The other day I was flying back from Ithaca. The weather had been bad; for a while I didn't know if the plane would take off. When it finally did, I gave a sigh of relief, opened my book (like most people, I carry one when traveling) and started to read. About half an hour later, the sun was in my eyes, bothering me. I was about to pull down the window covering when I happened to look out.
The scene was literally breathtaking. I was eye-level with a sun that was setting blood-orange over a bank of pristine white cotton-wool balls that stretched unbroken beneath us. It struck me that I was hurtling through the air in a metal cylinder that weighed over 300,000 pounds. If someone had told this to our ancestors two hundred years ago, would they have even believed it possible? And yet when I looked around me, every passenger was oblivious of the amazing situation we were in --just as I myself had been a few minutes ago. How quickly we get used to things. How quickly we take them for granted.
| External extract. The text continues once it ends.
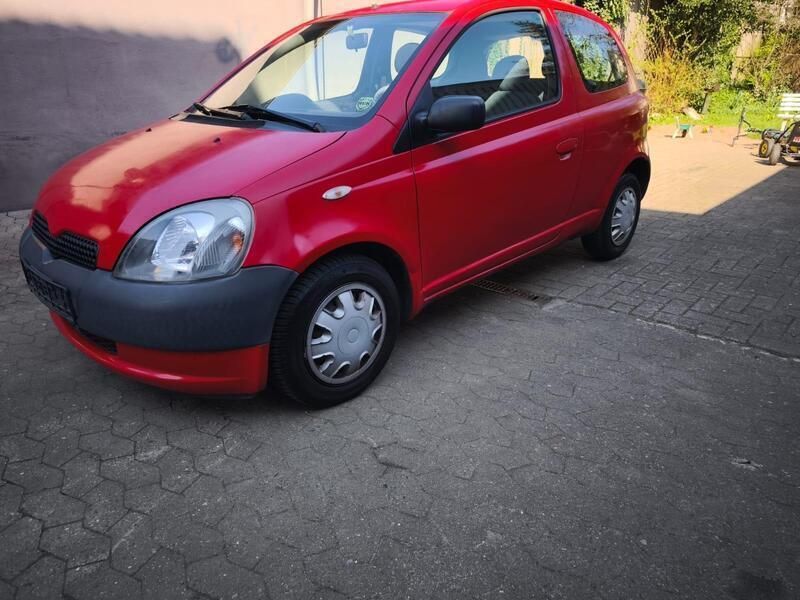 Rot Gebraucht 2002 Toyota Yaris Kleinwagen | 650 € (Guter Preis) - Bild 1/4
I gazed for a while, then turned back to my book. Here was another wonder--black squiggles on a page that could make pictures blossom inside our head, that could make us laugh or weep--or inspire us to transform our lives. I thought of my favorite book-related quotation (anyone recognize the author?):
"A book should serve as the ax for the frozen sea within us."
I hope my books--at least one of them--can do that--for at least one reader.